O conteúdo do discurso de 9 de Maio era de facto belíssimo, e quase profético: "A Europa não se fará de um golpe, nem numa construção de conjunto: far-se-à por meio de realizações concretas que criem em primeiro lugar uma solidariedade de facto. A união das nações europeias exige que seja eliminada a secular oposição entre a França e a Alemanha."
Esta adaptação literária das teorias funcionalistas, com o seu conceito de spill-over, que ganhavam bastantes adeptos entre a tecnocracia europeia, como era o caso de Monnet, contrastava fortemente com um memorando secreto da diplomacia francesa, redigido uma semana antes e apenas revelado em 1978. Aí não eram os aspectos economico-técnicos nem morais que vinham ao de cima, mas antes as high-politics puras e duras da Guerra Fria, que se vivia então no sentido original da palavra: uma situação de movimentações militares exercidas de cada um dos lados da cortina de ferro, sem o mínimo contacto diplomático. Situação esta que só se aplacaria em 1955, quando as duas grandes potências, mais França e Reino Unido se sentam à mesa em Genebra. "Na verdade, nós já estamos em guerra", assim rezava o tal memorando que também sugeria que fosse criada uma CECA, afim de se poder proceder ao rearmamento alemão, para que por sua vez a Europa Ocidental pudesse conter uma eventual invasão soviética.
A construção europeia não foi filha de uma vontade de reconciliação, como pregam os euro-ingénuos. Foi filha do medo de um montro emergente a Leste, que desapareceu no limiar da década de 90

2. Robert Schuman, alsaciano de gema, era democrata-cristão, tal como o chanceler da RFA Konrad Adenauer, e membro supra-numerário do Opus Dei, organização que até hoje casa melhor um catolicismo fervoroso e tradicionalista com a tecnocracia mais descomplexada.

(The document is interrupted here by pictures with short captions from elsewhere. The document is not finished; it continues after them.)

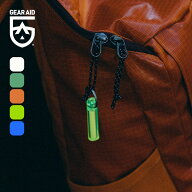ギアエイド ナイグロー GEAR AID NI-GLO 小物 蓄光 キーホルダー ストラップ おしゃれ 登山 ハイキング …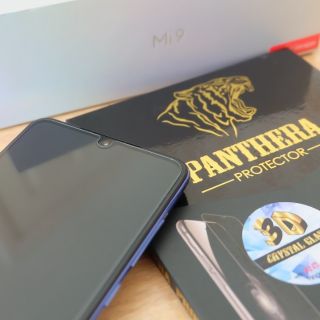 ฟิล์มกระจก Xiaomi Mi 9 PANTHERA PROTECTOR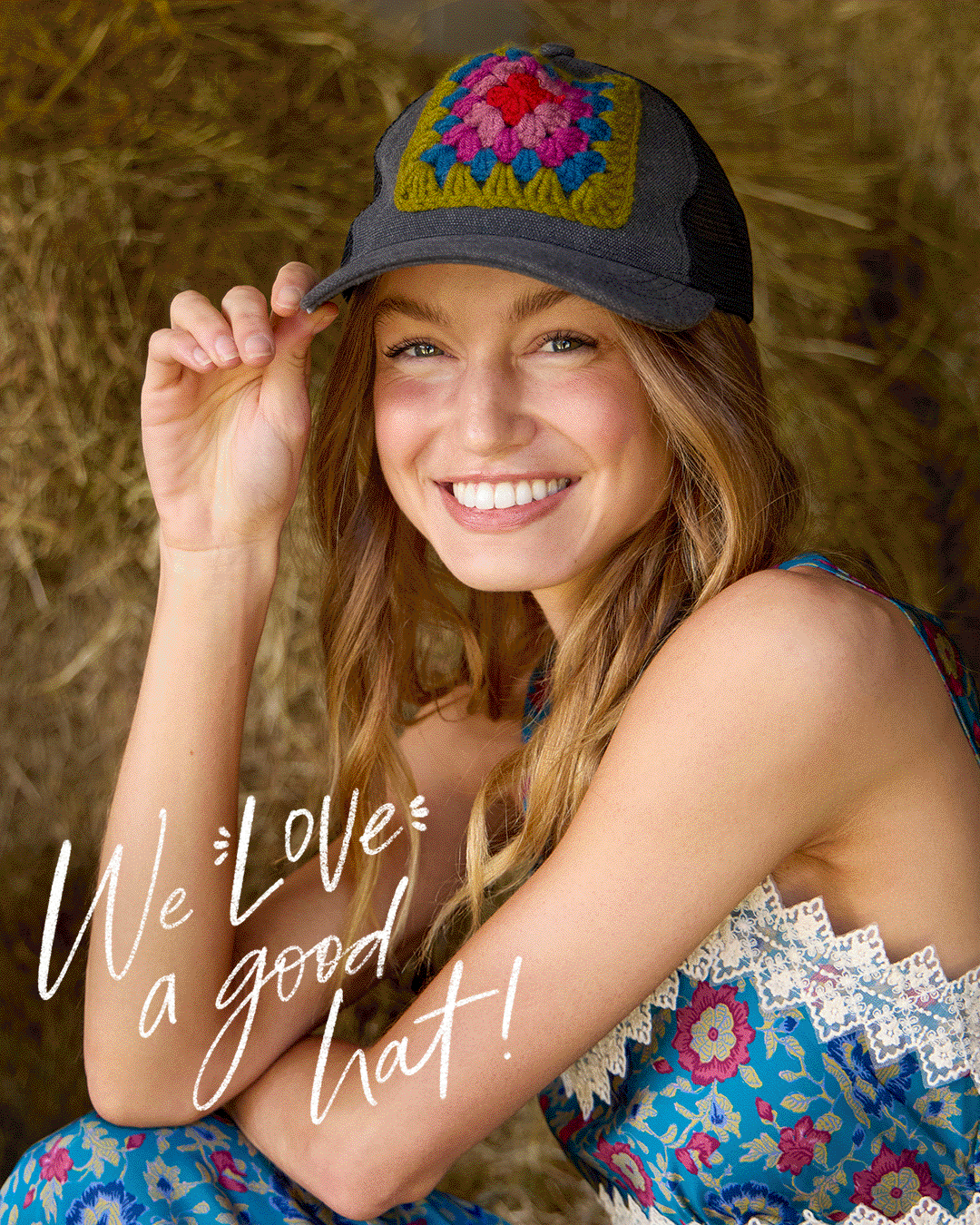 CUTE NEW HATS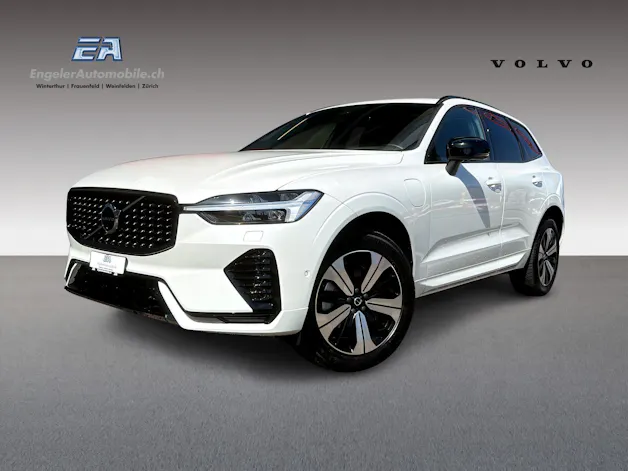 Volvo XC60 2.0 T8 TE Plus Dark eAWD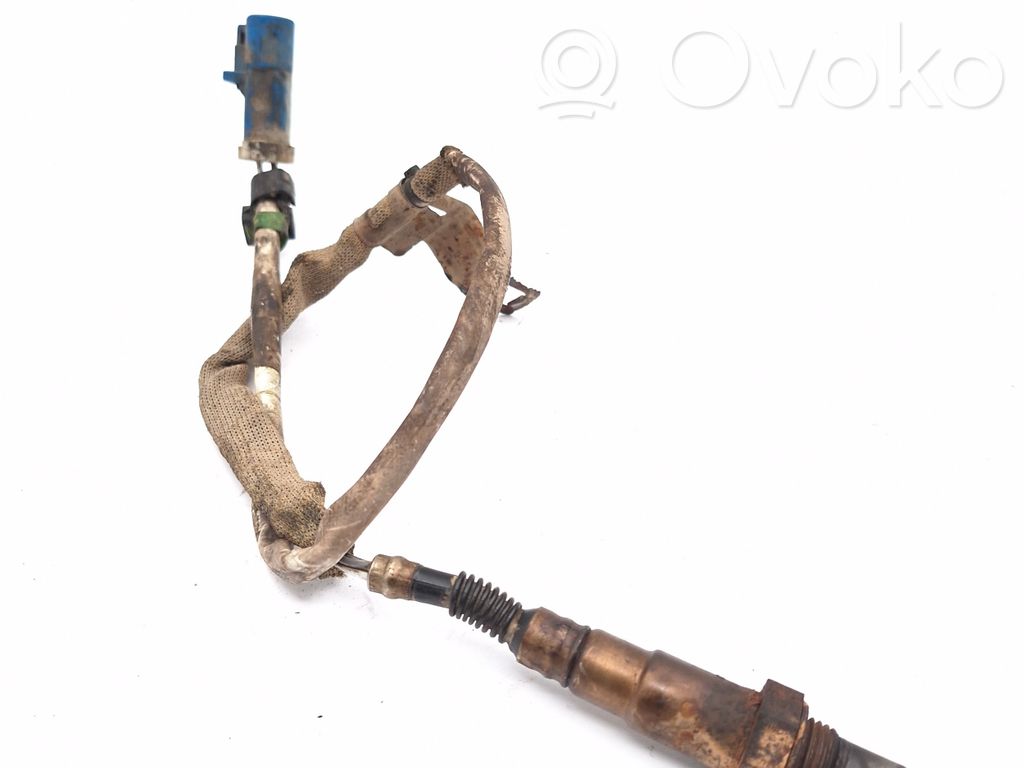 Lambda probe sensor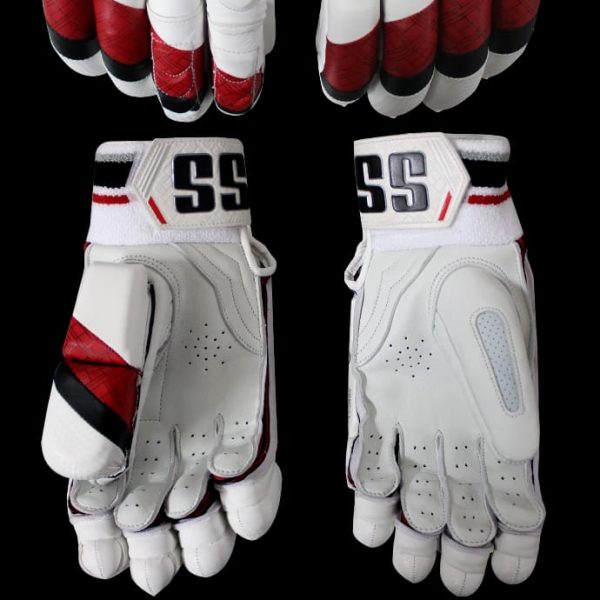 SS SUPERTEST- BATTING GLOVES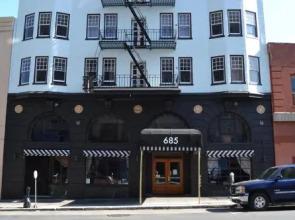 HI San Francisco City Center Hostel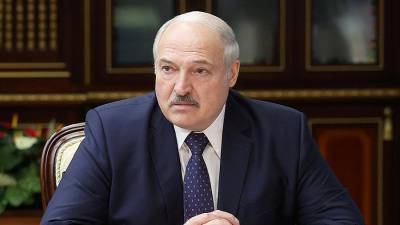 Лукашенко заявил об отсутствии преемника для передачи власти в Белоруссии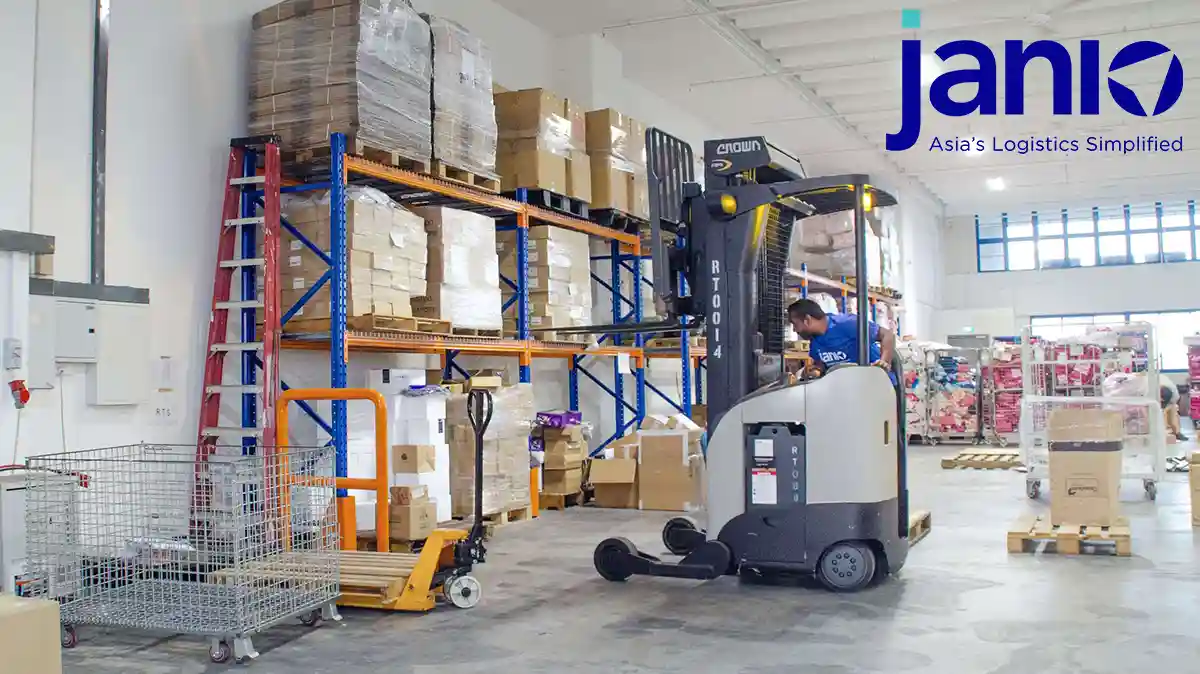 Sekilas Tentang Janio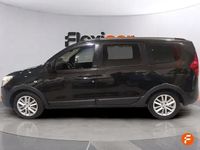 Brugt Dacia Lodgy 115 HK (84 kW) 2018 Sort MPV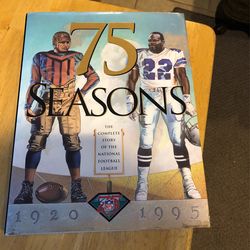 75 Seasons NFL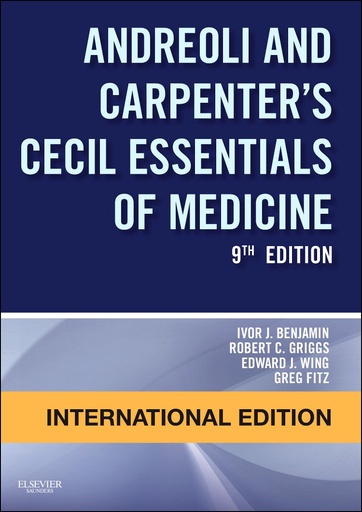 Andreoli and Carpenter's Cecil Essentials of Medicine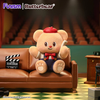 Funism: Butterbear - Adorable Influencer Series Blind Box (Single)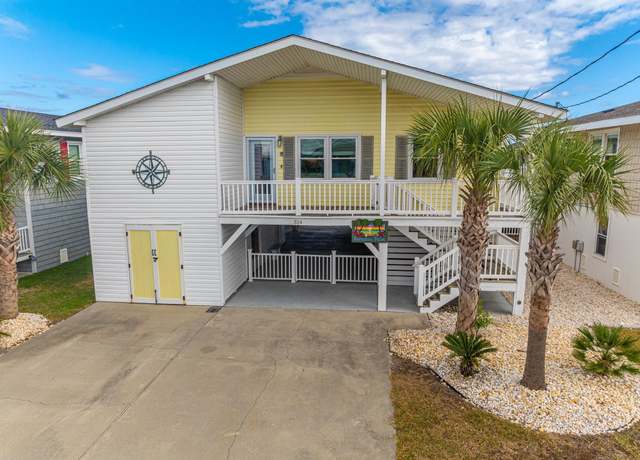 Property at 314 45th Ave N, North Myrtle Beach, SC 29582, 4 beds, 3.5 baths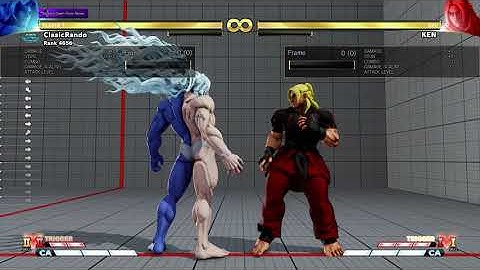 Gill VT2 Corner Mixup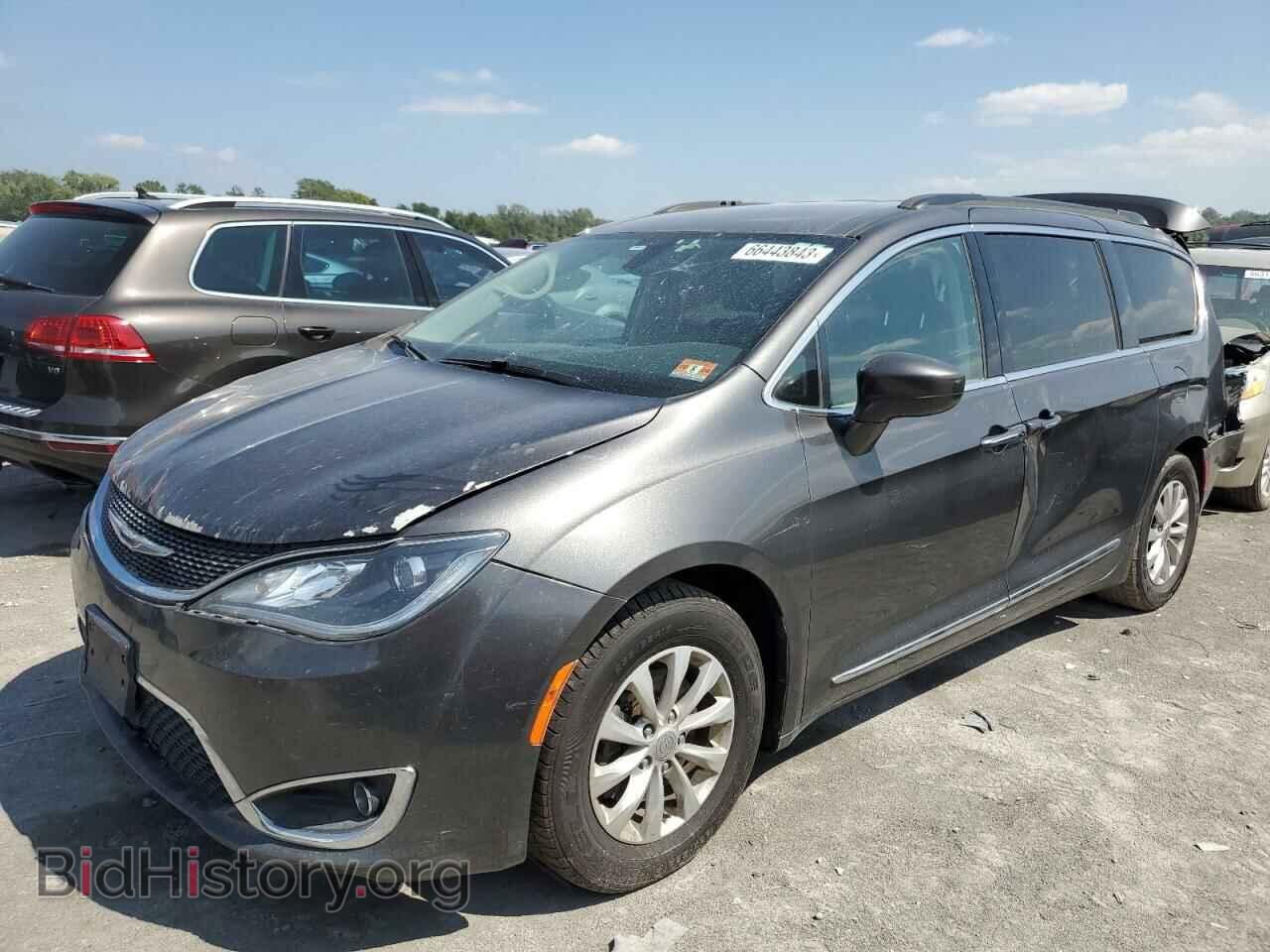 Photo 2C4RC1BG2HR785931 - CHRYSLER PACIFICA 2017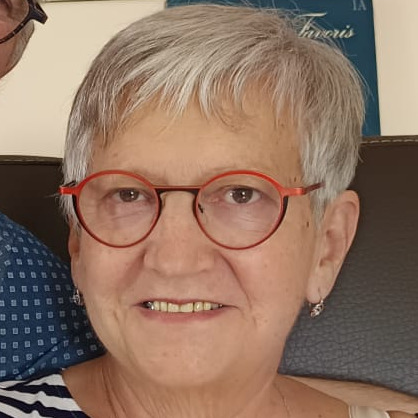 Photo de Marie-Françoise BOUET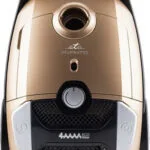 ETA Avanto 3519 90000 Ηλεκτρική Σκούπα 800W με Σακούλα 3lt Χρυσή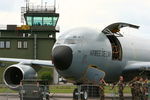 738 @ LFOE - Boeing C-135FR Stratotanker, static display Evreux-Fauville Air Base 105 (LFOE) - by Yves-Q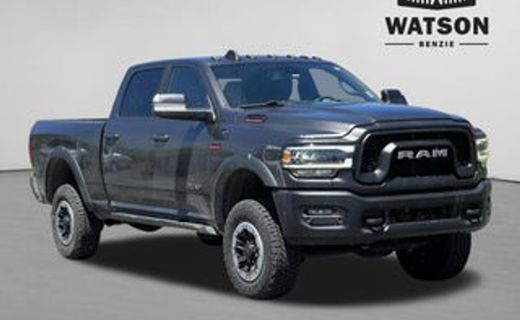 2022 Ram 2500 Limited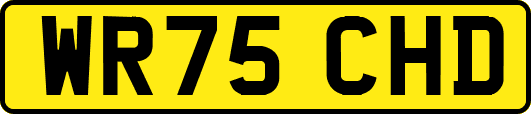 WR75CHD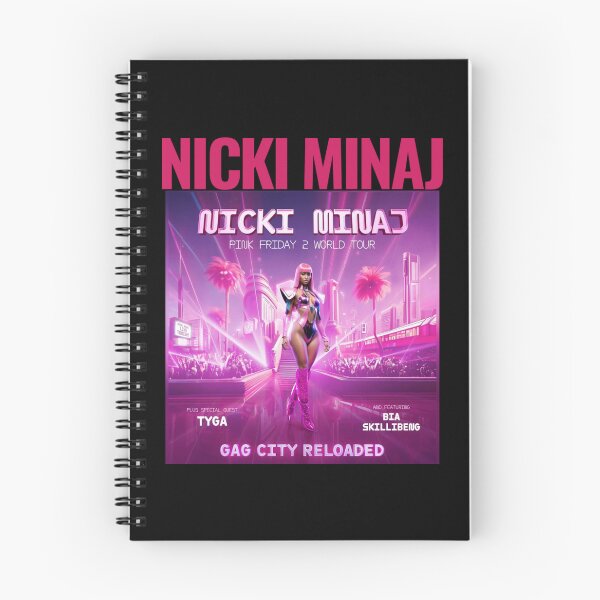 Item preview, Nicki Minaj Trinidadian rapper and singer-songwriter designed and sold by Tamboxe.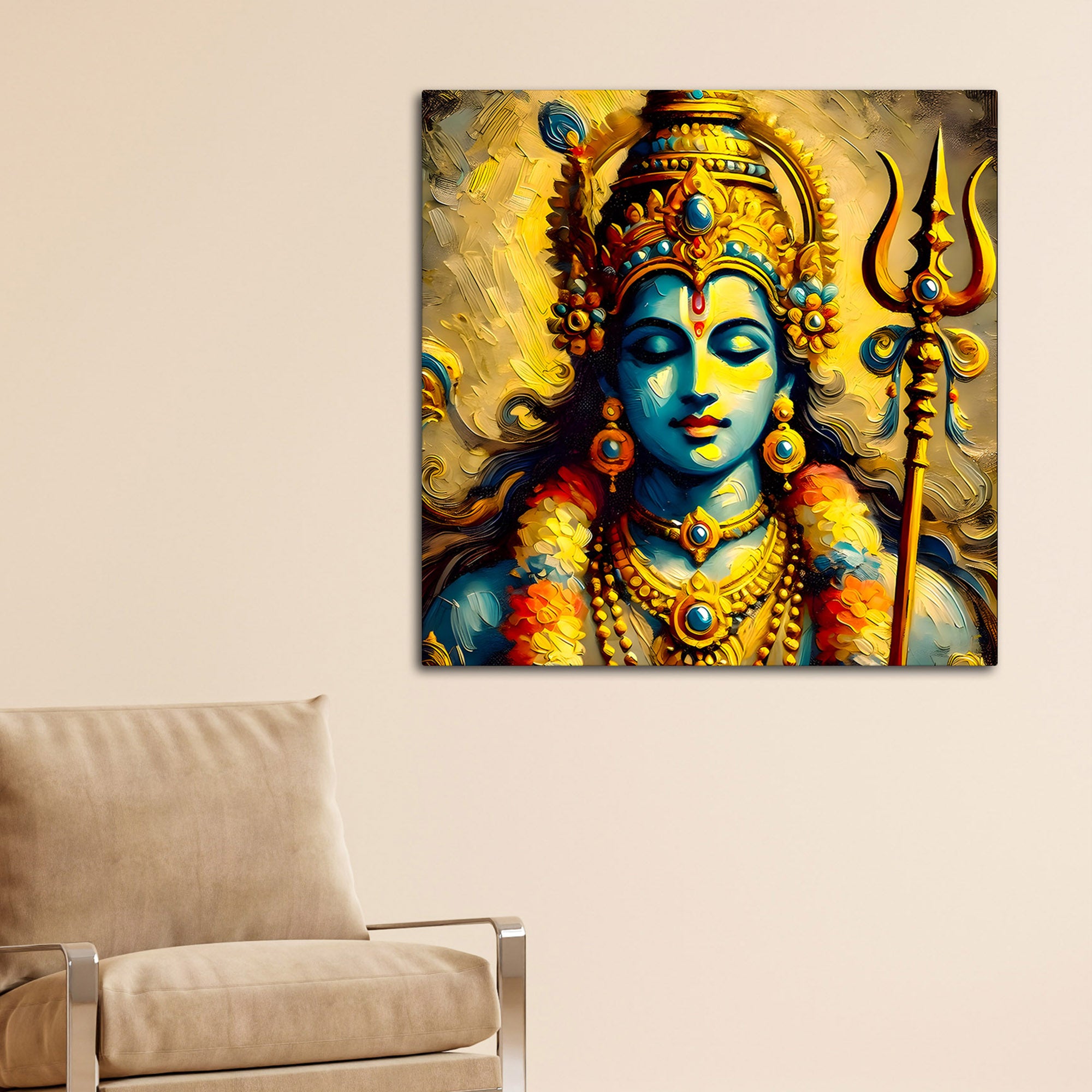 Premium Spiritual Painting Wall Décoration
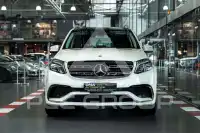 2018 Mercedes Benz GLS 63 AMG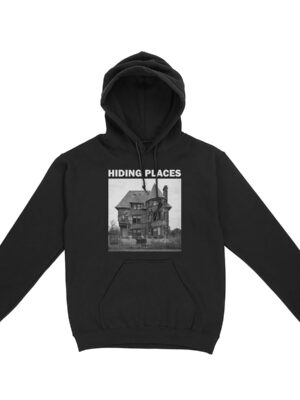 Hiding Places Hoodie — Billy Woods & Kenny Segal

Tal como ainda será hoje Otto de Habsbourg, o ainda hoje herdeiro da coroa do Império Austro-Húngaro, membro do parlamento europeu, e fundador do Movimento Europeu, que nos anos 50 foi financiado pela CIA para promover a construção europeia para fins anti-soviéticos. Habsbourg seria também um dos três elementos da cúpula do Círculo Pinay, clube internacional de contacto entre diferentes personalidades de topo dos meios militares e da intelligence europeia, tendo por base comum um ultra-conservadorismo e um anti-comunismo assaz assertivos. Às diversas reuniões desse clube que tiveram lugar ao longo de décadas, esteve por exemplo, o general António de Spínola. O objectivo era simples: a realização de acções de spin afim de evitar a proliferação de ideologias esquerdistas pela Europa Ocidental.
Na verdade, a intelligence e o lobbying, mais do que toda a verborreia tecnocrata que ainda grassa no discurso oficial sobre a Europa, esteve na base de um projecto de elites que foi a construção europeia. Foi em grande medida, para além dos sonhadores sinceros que também tiveram o seu papel inegável, o resultado de lóbis estruturados e discretos, não só como a CIA, mas também como o Opus Dei, ainda hoje uma super-potência da intelligence económica e estratégica com as suas mais de 100 000 pessoas colocadas em lugares-chave da economia, da política e da comunidade intelectual na Europa: quase 500 universidades, mais de 600 jornais e revistas, mais de 50 redes de rádio e televisão, etc..

Desde sempre, e cada vez mais nos dias de hoje da "sociedade em rede", vence na Europa quem souber estruturar as suas redes de informação e de influência. A história está aí para o comprovar.